The covariance $ {\boldsymbol{\Sigma}}_{\mathrm{\ell}} $ depends on the data used and is discussed in Section 3.

Given Eqs. (2) and (3), one can observe that $ {\boldsymbol{b}}^{(i)} $ (i.e., the unobserved model inputs for each concrete mix $ i $ ) and $ \boldsymbol{\varphi} $ would need to be inferred simultaneously. In the following, we obtain point estimates $ {\boldsymbol{\varphi}}^{\ast } $ for $ \boldsymbol{\varphi} $ , by maximizing the marginal log-likelihood $ p\left({\mathcal{D}}_N|\boldsymbol{\varphi} \right) $ (also known as log-evidence), that is, the probability that the observed data arose from the model postulated. Hence, we get

(4) $$ {\boldsymbol{\varphi}}^{\ast }=\arg \underset{\boldsymbol{\varphi}}{\max}\log \hskip0.35em p\left({\mathcal{D}}_N|\boldsymbol{\varphi} \right). $$

As this is analytically intractable, we propose employing variational Bayesian expectation–maximization (VB-EM) (Beal and Ghahramani, Reference Beal and Ghahramani2003) according to which a lower bound $ \mathrm{\mathcal{F}} $ to the log-evidence (called evidence lower bound [ELBO]) is constructed with the help of auxiliary densities $ {h}_i\left({\boldsymbol{b}}^{(i)}\right) $ on the unobserved variables $ {\boldsymbol{b}}^{(i)} $ :

(5) $$ \log \hskip0.35em p\left({\mathcal{D}}_N|\varphi \right)\ge \underset{=\mathrm{\mathcal{F}}\left({h}_{1:N},\boldsymbol{\varphi} \right)}{\underbrace{\sum \limits_{i=1}^N{\unicode{x1D53C}}_{h_i\left({\boldsymbol{b}}^{(i)}\right)}\left[\log \frac{p\left({\hat{\boldsymbol{z}}}^{(i)}|\boldsymbol{z}\left({\boldsymbol{b}}^{(i)}\right)\right)p\left({\boldsymbol{b}}^{(i)}|{\boldsymbol{x}}^{(i)};\boldsymbol{\varphi} \right)}{h_i\left({\boldsymbol{b}}^{(i)}\right)}\right]}}, $$

where $ {\unicode{x1D53C}}_{h_i\left({\boldsymbol{b}}^{(i)}\right)}\left[\cdot \right] $ denote the expectation with respect to the auxiliary densities $ {h}_i\left({\boldsymbol{b}}^{(i)}\right) $ on the unobserved variables $ {\boldsymbol{b}}^{(i)} $ . Eq. (5) suggests the following iterative scheme where one alternates between the steps:

• • E-step: Fix $ \boldsymbol{\varphi} $ and maximize $ \mathrm{\mathcal{F}} $ with respect to $ {h}_i\left({\boldsymbol{b}}^{(i)}\right) $ . It can be readily shown (Bishop and Nasrabadi, Reference Bishop and Nasrabadi2006) that optimality is achieved by the conditional posterior, that is,

(6) $$ {h}_i^{opt}\left({\boldsymbol{b}}^{(i)}\right)=p\left({\boldsymbol{b}}^{(i)}|{\mathcal{D}}_N,\boldsymbol{\varphi} \right)\propto \hskip0.35em p\left({\hat{\boldsymbol{z}}}^{(i)}|{\boldsymbol{b}}^{(i)}\right)p\left({\boldsymbol{b}}^{(i)}|{\boldsymbol{x}}^{(i)},\boldsymbol{\varphi} \right), $$

which makes the inequality in Eq. (5) tight. Since the likelihood is not tractable as it involves a physics-based solver, we have used Markov chain Monte Carlo (MCMC) to sample from the conditional posterior (see Section 3).
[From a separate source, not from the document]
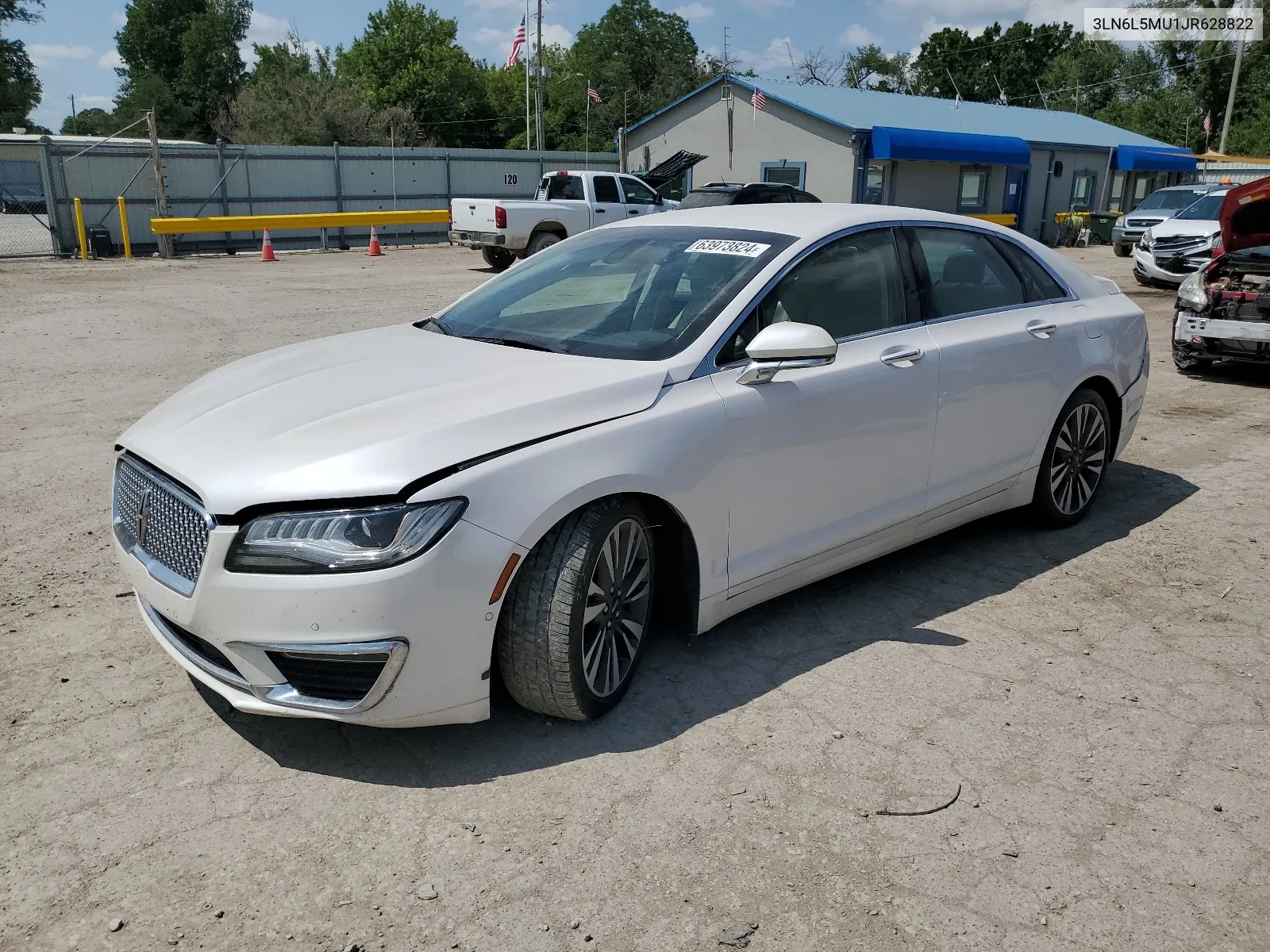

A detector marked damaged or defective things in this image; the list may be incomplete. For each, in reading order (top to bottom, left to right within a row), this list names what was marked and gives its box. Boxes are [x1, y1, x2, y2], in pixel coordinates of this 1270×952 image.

• • M-step: Given $ {\left\{{h}_i\left({\boldsymbol{b}}^{(i)}\right)\right\}}_{i=1}^N $ , maximize $ \mathrm{\mathcal{F}} $ with respect to $ \boldsymbol{\varphi} $ .

(7) $$ {\boldsymbol{\varphi}}^{n+1}=\arg \underset{\boldsymbol{\varphi}}{\max}\mathrm{\mathcal{F}}\left({h}_{1:N},{\boldsymbol{\varphi}}^n\right). $$

This requires derivatives of $ \mathrm{\mathcal{F}} $ _, that is,

(8) $$ \frac{\mathrm{\partial \mathcal{F}}}{\partial \boldsymbol{\varphi}}=\sum \limits_{i=1}^N{\unicode{x1D53C}}_{h_i}\left[\frac{\partial \log p\left({\boldsymbol{b}}^{(i)}|{\boldsymbol{x}}^{(i)};\boldsymbol{\varphi} \right)}{\partial \boldsymbol{\varphi}}\right]. $$

Given the MCMC samples $ {\left\{{\boldsymbol{b}}_m^{(i)}\right\}}_{m=1}^M $ from the E-step, these can be approximated as

(9) $$ \frac{\mathrm{\partial \mathcal{F}}}{\partial \varphi}\approx \sum \limits_{i=1}^N\frac{1}{M}\sum \limits_{m=1}^M\frac{\partial \log \hskip0.35em p\left({\boldsymbol{b}}_m^{(i)}|{\boldsymbol{x}}^{(i)};\varphi \right)}{\partial \varphi }. $$

Due to the Monte Carlo noise in these estimates, a stochastic gradient ascent algorithm is utilized. In particular, the ADAM optimizer (Kingma and Ba, Reference Kingma and Ba2014) was used from the PyTorch (Paszke et al., Reference Paszke, Gross, Massa, Lerer, Bradbury, Chanan, Killeen, Lin, Gimelshein, Antiga, Desmaison, Kopf, Yang, DeVito, Raison, Tejani, Chilamkurthy, Steiner, Fang, Bai and Chintala2019) library to capitalize on its auto-differentiation capabilities.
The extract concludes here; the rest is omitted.